Meus caros, se Andrew Pyper possui algum mérito em seu livro, é o de nos ensinar que a Bíblia realmente está desatualizada. O escritor então, em um momento de genialidade,  transforma o “Pai da Mentira” em um troll corriqueiro. Tipo aquele que entra em seu canal de Youtube de forma rotineira e escreve comentários e pedidos sem o menor sentido. Só para te aporrinhar e te deixar com um “WTF” na ponta da língua. Pois é…está aí, em síntese apertadíssima, o resumo do vilão de O Demonologista.

Mas como disse antes, a culpa é minha. É que foi fácil ficar atraído pela edição bacanuda da Darkside, com capa dura aveludada, lombada imitando envelhecimento, letras em alto-relevo. Coisa do demônio, se me permitem o péssimo mas oportuno trocadilho. E parou por aí. Nas trezentas e poucas páginas em que a história é contada, nada chega nem perto de merecer o esmero empregado na edição.

Basicamente o livro conta a desventura de um professor do Departamento de Inglês da prestigiosa Universidade de Columbia que, por ser especialista em mitologia e narrativa religiosa judaico-cristã, com trabalho acadêmico reconhecido por Paraíso Perdido, é “escolhido” pelo Capiroto para ser alvo de suas investidas. Interessante? Está bonito até aí? Pois é, mas o gigantesco, o colossal problema do livro, está no desenvolvimento dessa ideia.

Desde o início o autor falha em proporcionar verossimilhança à trama, abusando de apelos emocionais fúteis e acriançados. A vida pessoal do protagonista é desinteressante, cansativa e usada, em inúmeras oportunidades, como muleta para a capitalizar a narrativa. Os poucos momentos de tensão que o livro consegue criar, como por exemplo o primeiro encontro com o Coisa Ruim em Veneza, se perdem no meio de devaneios pessoais desnecessários e “chororôs” familiares. O rapto que amarra o catedrático aos acontecimentos, criando a teia dramática, logo esgota o leitor ao contrário de instigá-lo. Para se ter uma ideia dos recursos apelativos usados, nos é revelado, bem no início, que um ativo personagem tem câncer. Ocorrre que, tal moléstia, ao longo de todo o livro, não interferirá em nada nos fatos narrados e sofridos por ele. E tanto não interferirá que ele come fast food, transa (tenta), dirige por horas e horas a fio e por fim morre em LUTA CORPORAL. Enfim, uma pessoa saudável não faria melhor. Para que então a inserção de algo tão nefasto logo no começo da narrativa? Será que o autor percebeu que sua história em si não era dramática o suficiente? Por favor…
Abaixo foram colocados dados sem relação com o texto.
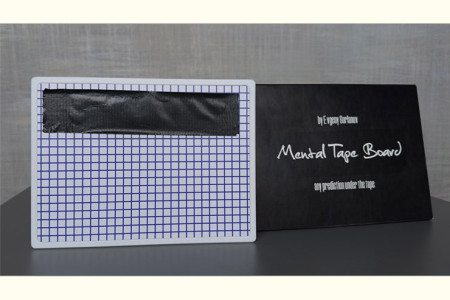 Mental Tape Board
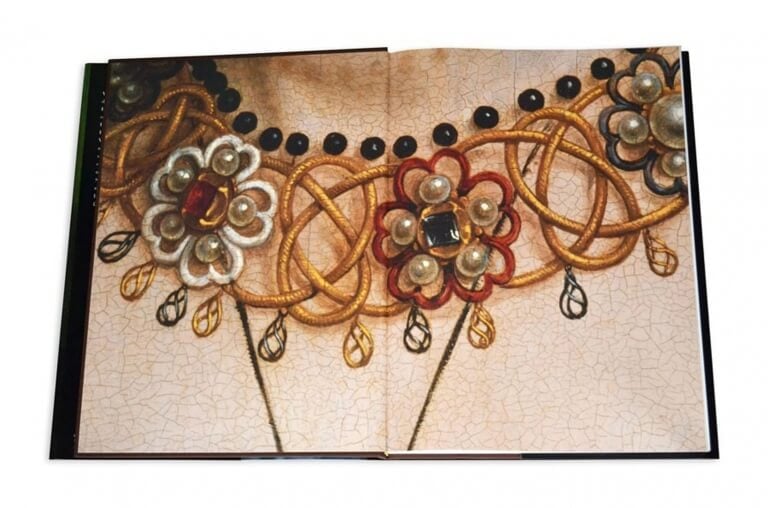 Versmissen Portraits of the Renaissance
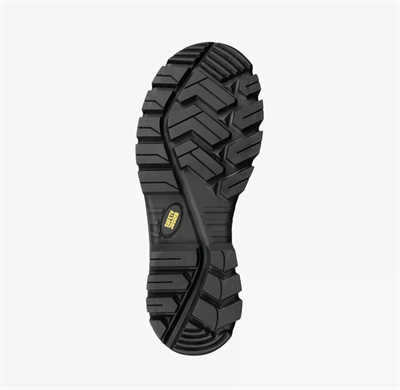 Safety Jogger CONSTRUBOY S3 MID SR SC CI FO İş Güvenlik Botu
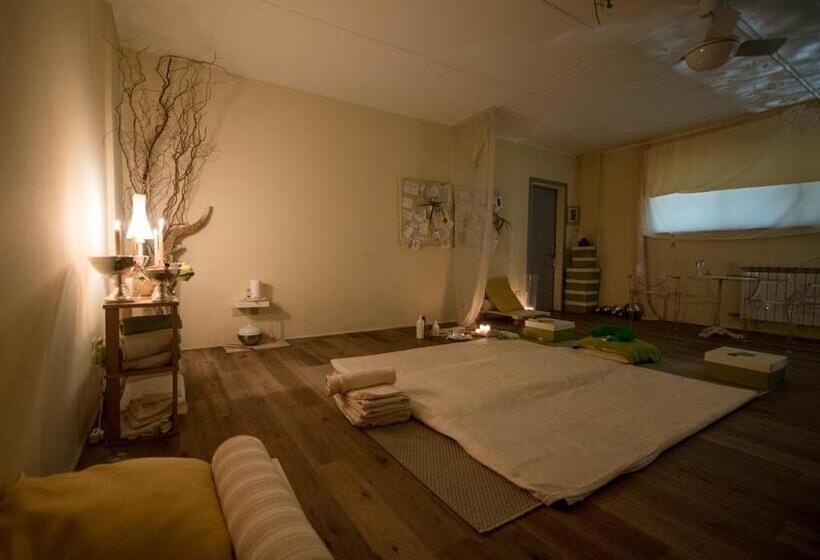 Номер Стандарт, B&b In Principio Vitae   L Infinito Con Tatto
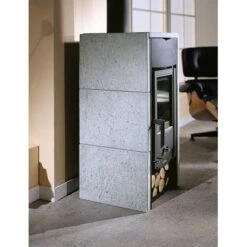 La Nordica Kaminofen Asia Naturstein 6 KW EEK: A+ Gratis Anzündpapier 10 La Nordica Kaminofen Asia Naturstein 6 KW EEK: A+ Gratis Anzündpapier -HeizTraum 962802 1009 2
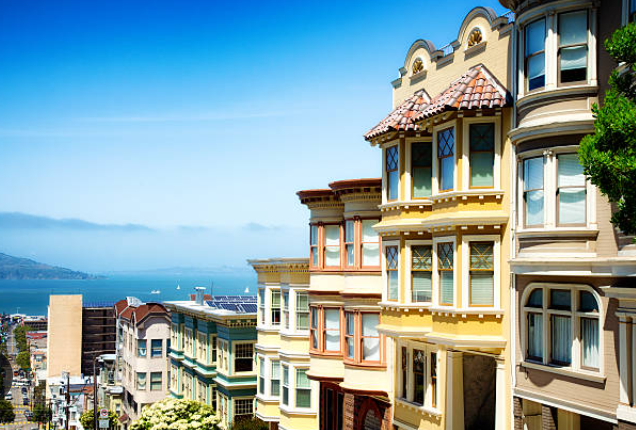 Discover what are the advantages you gain by contacting a Real Estate San Francisco post thumbnail image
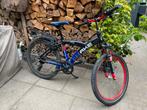 Batavus Snake 24 inch, 7 versnellingen, Fietsen en Brommers, Ophalen, Zo goed als nieuw, 24 inch, Versnellingen
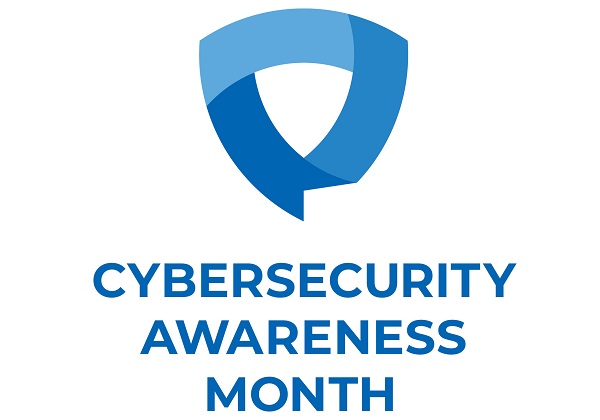 Cybersecurity Awareness Month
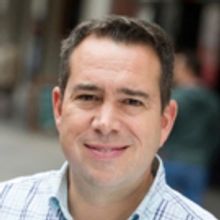 Society of London Theatre Names New President
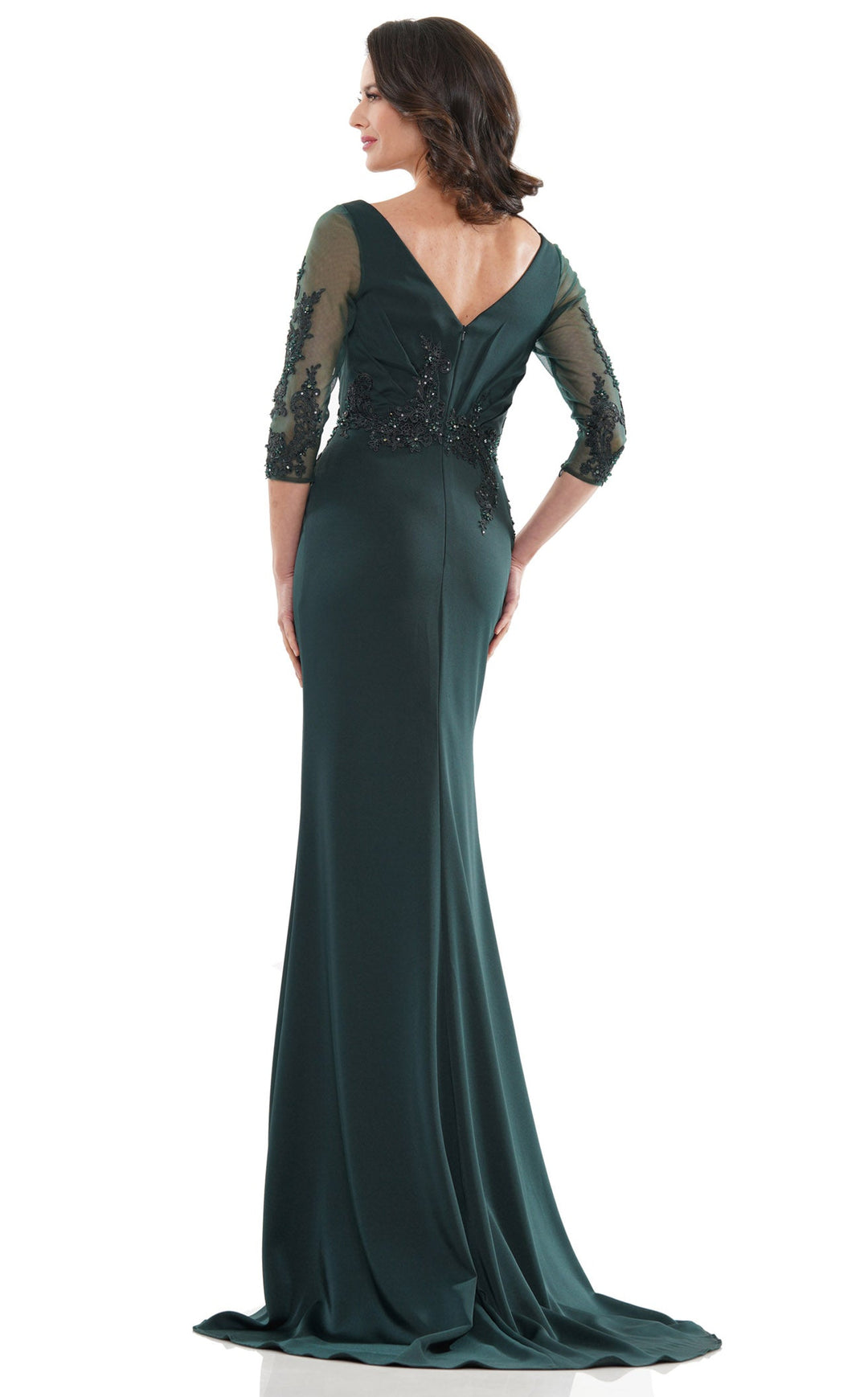 Marsoni MV1145 Dress - FOSTANI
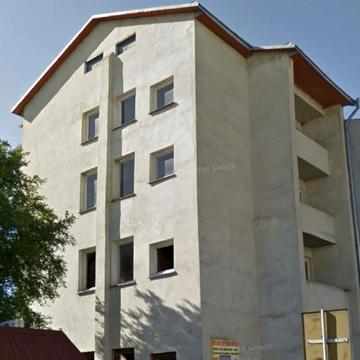 Тараса Шевченка вул., 33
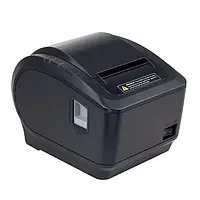 Принтер чеков Xprinter XP-K200L USB + Ethernet + Wi-Fi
No entanto, não se pode dizer que esses detalhes incidentais sejam o nó górdio que torna o livro ruim. O que o faz péssimo é a falta de empatia que o leitor tem com os protagonistas somados à pobreza lógica, a fragilidade de sentido entre os acontecimentos descritos ao longo da narrativa. O professor em comento é uma pessoa fraca, sem carisma e com pouquíssimo elã para enfrentar uma entidade sobrenatural, supostamente onisciente e super-poderosa. E a entidade, que é onisciente e super-poderosa, também é…como direi…enfadonha a dar com o pau. Senhores, o demônio, que ao longo dos séculos sempre foi retratado como um sedutor, como dotado de inteligência e astúcia incomparável, como um perfeito estrategista, nesse livro não passa de um troll. Sua maior maldade nesse livro parece ser impor ao infeliz professor, ao longo da história inteira, entediantes e intermináveis viagens de carro sem justificativa suficiente. Lógico que o malfadado protagonista compra um Mustang para cumprir sua tarefa, o que só serve para acentuar sua crise de meia idade e torná-lo mais caricato ainda. Enquanto fica comendo comida de estrada e fugindo de um “matador do Vaticano” (quer clichê, então toma!), o desgraçado se depara com fenômenos sobrenaturais inseridos de forma claudicante, vazia, os fazendo prescindíveis por defeito de nexo. Em um livro que se propõe a narrar uma batalha do bem contra o mal, o mínimo que se espera é uma antítese bem construída, com lógica firme e coerência cristalina.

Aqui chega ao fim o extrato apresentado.